Beasts of the Northern Wild (yes, yet another entry about mosquitoes)

Off on an adventure

In Arctic Alaska they say that summer is nothing but a sweet dream, a six-week window of sun and warm breezes, when flowers bloom and berries ripen. But what they don’t mention are the mosquitoes. And believe me they need to be mentioned. Minus the grizzlies, they are the real beasts of the northern wild.

July is known to be “mosquito month” and it was just my luck that this year happened to be one of the worst years on record. In fact, most people like Heimo, who live in the bush and survive winters of 50 below, usually leave during the month of July, just to avoid the skeeters. I had been warned about the bugs. A biologist in Fairbanks told us stories of clouds of mosquitoes driving huge herds of caribou to stampede into the waters of the Arctic Ocean and of driving grizzlies to the point of madness.  So I came prepared with a Thermacelle, countless cans of Deet, anti-itch cream, headnets, and the illusion that I could keep the mosquitoes at bay. Now, I know just how deluded I was.

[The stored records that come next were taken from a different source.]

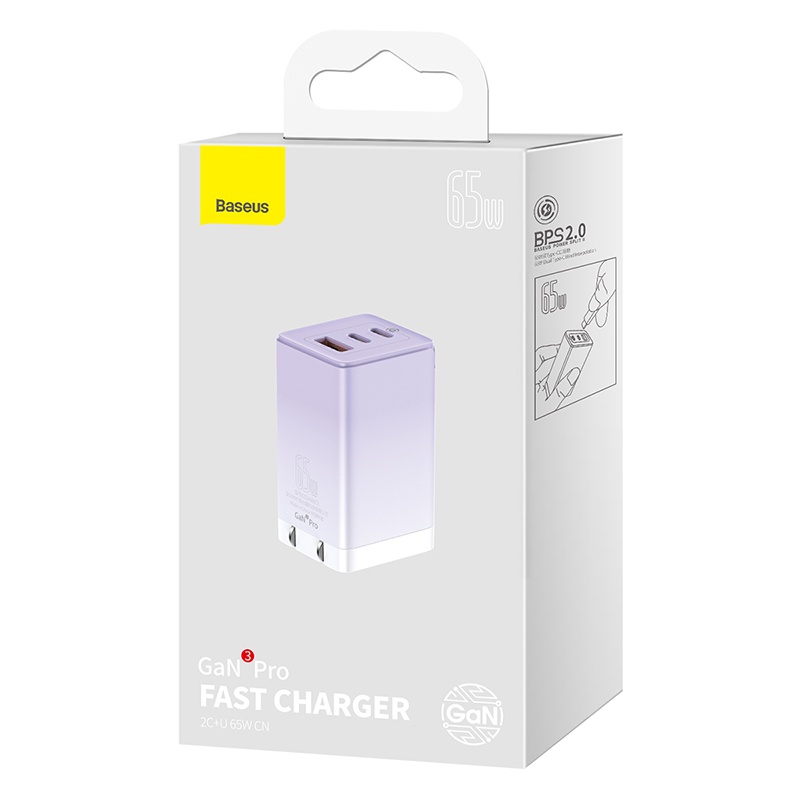 Bộ sạc nhanh Baseus  65W GaN3 Pro 3 cổng siêu nhỏ - Hỗ trợ USB Power Delivery 65W, Quick Charge 4.0 3.0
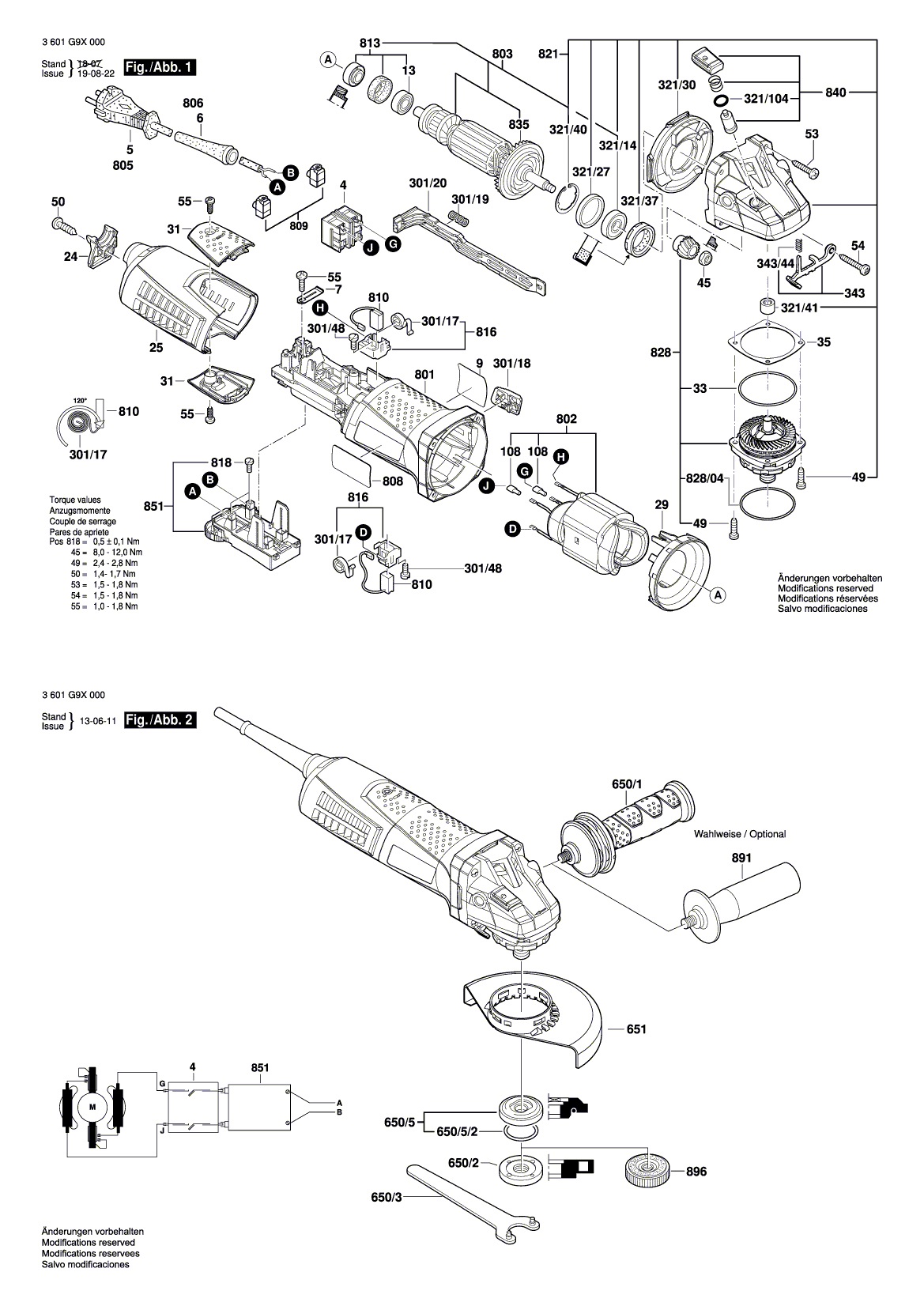 Схема на Угловая шлифмашина Bosch GWS 15-125 Inox (3 601 G9X 000)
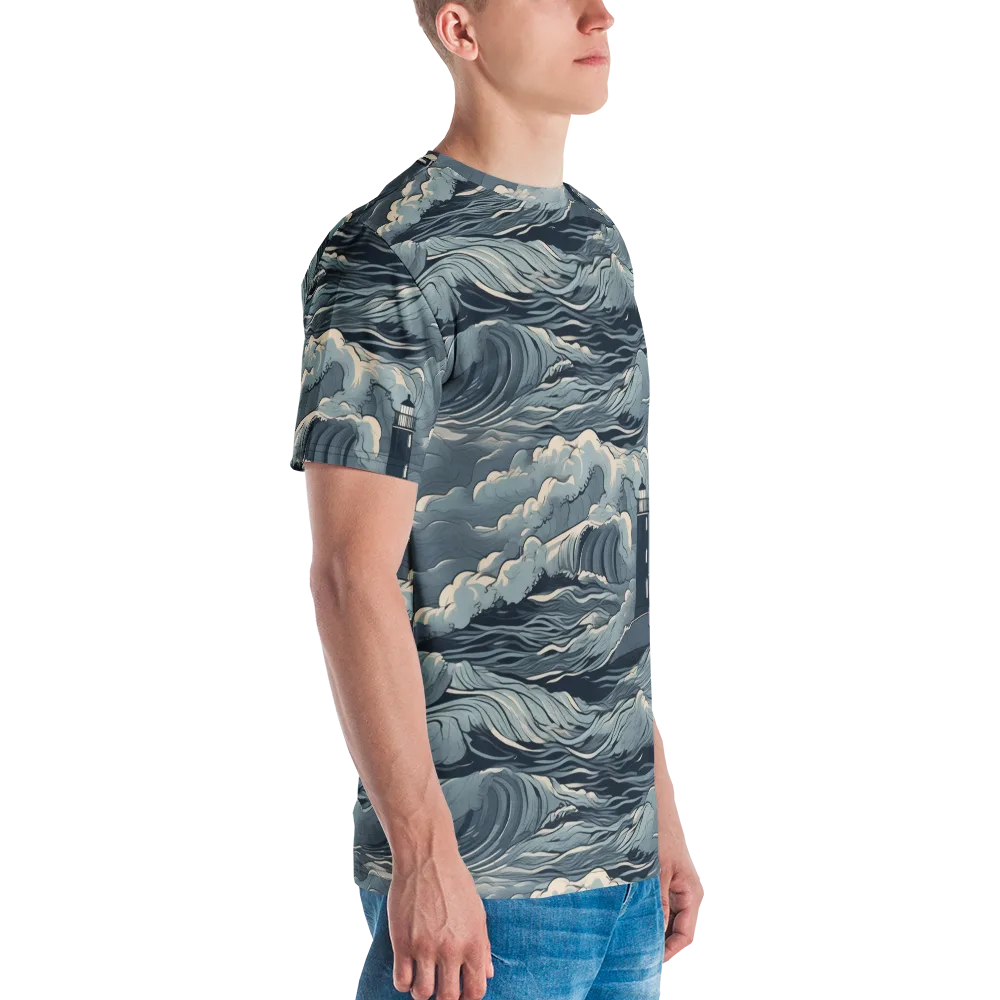 Stormwatch Beacon on Men's Crew Neck T-Shirt — Right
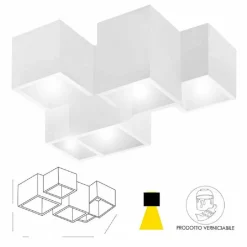 LAMPADA IN GESSO A 5 CUBI DA SOFFITTO LAMPADARIO SUPPORTO FARETTI GU10 GS-C06-5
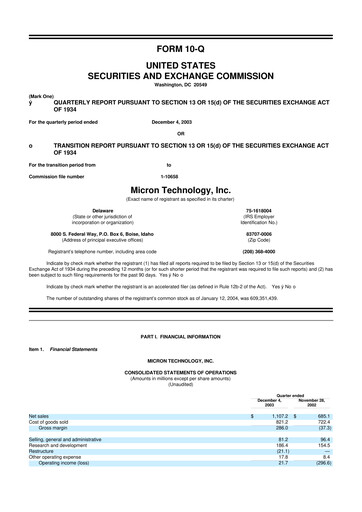 Thumbnail Micron Technology 10-Q Quarterly Report FY 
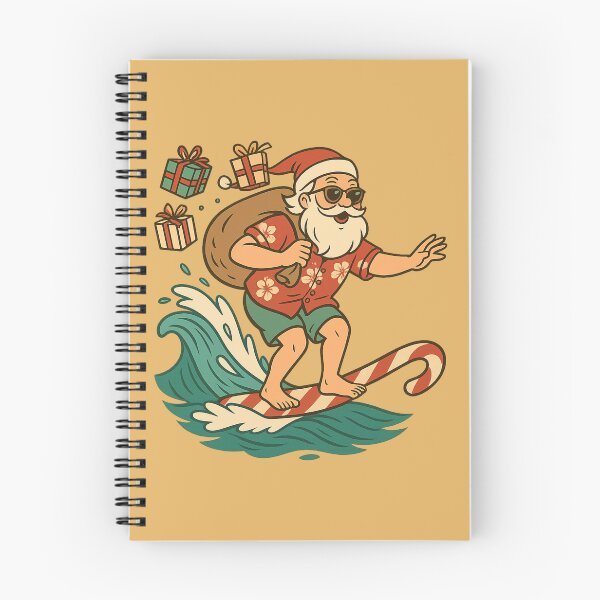 Item preview, Surfing Santa on Candy Cane Surfboard Retro Christmas Beach Holiday Funny Gift Design designed and sold by Eclipse 3699.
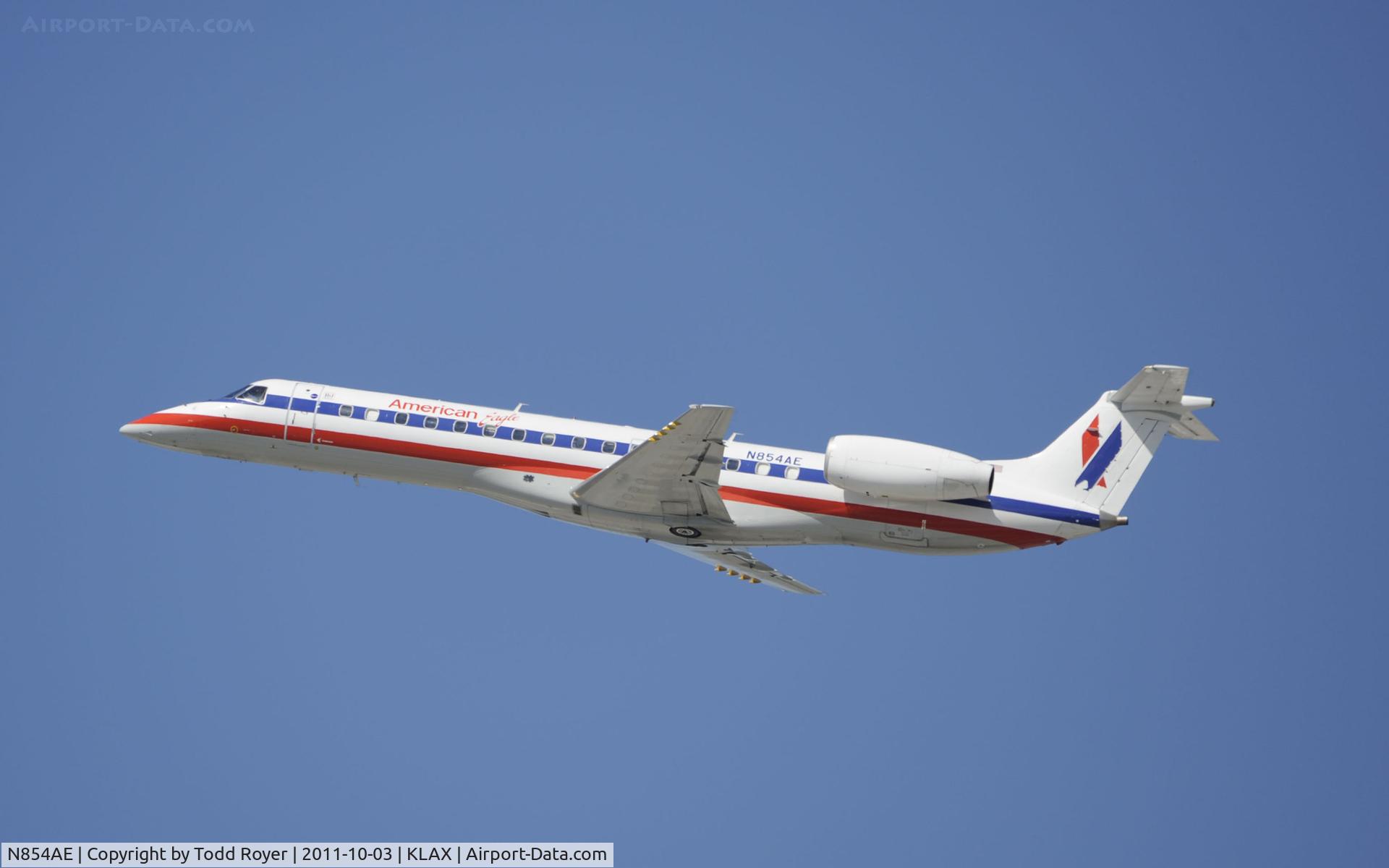 N854AE, 2003 Embraer ERJ-140LR (EMB-135KL) C/N 145743, Departing LAX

I’m from Wisconsin, mosquito country, but nothing could have prepared me for the onslaught. No matter how much bug spray I wore, no matter how many layers I had on for protection, the mosquitoes still managed to leave every last inch of me–most annoyingly, my behind–covered in red, itchy dots. But gradually, I got used to the fact that I could never pee in peace. I learned to pick out mosquitoes that had flown into my water bucket, my pancakes, my nose, my mouth. I accepted that every time I walked through the brush or hauled water from the river I was mosquito meat. But, though there wasn’t a cute guy within 200 miles, I was NOT OKAY with big red bites on my face. So I spent my days in a hot headnet. I had to remember to lift the net to drink, eat, and spit. Had there been a cute boy, I still wouldn’t have taken it off. When we finally got out, I inspected myself in a full length mirror. My body was full of bites and blotches, but my face—perfection 😉

Thank god for the tent
Thank god for the tent

Foraging in Fairbanks

Gritty Gal at the Local Club in Fairbanks, Alaska
Everything is wild in Alaska.

Spent my first day at the Fairbanks dump—don’t ask. Not exactly the wilds of Alaska, but still I met many wild and colorful characters, scroungers, and vagabonds, with their vehicles full of all their worldly possessions. They mistook me for one of them and inducted me into their club. We talked scrounging, self-sufficiency and how one man’s trash is another man’s treasure. One guy said he’d decorated his entire cabin with stuff scrounged from the dump.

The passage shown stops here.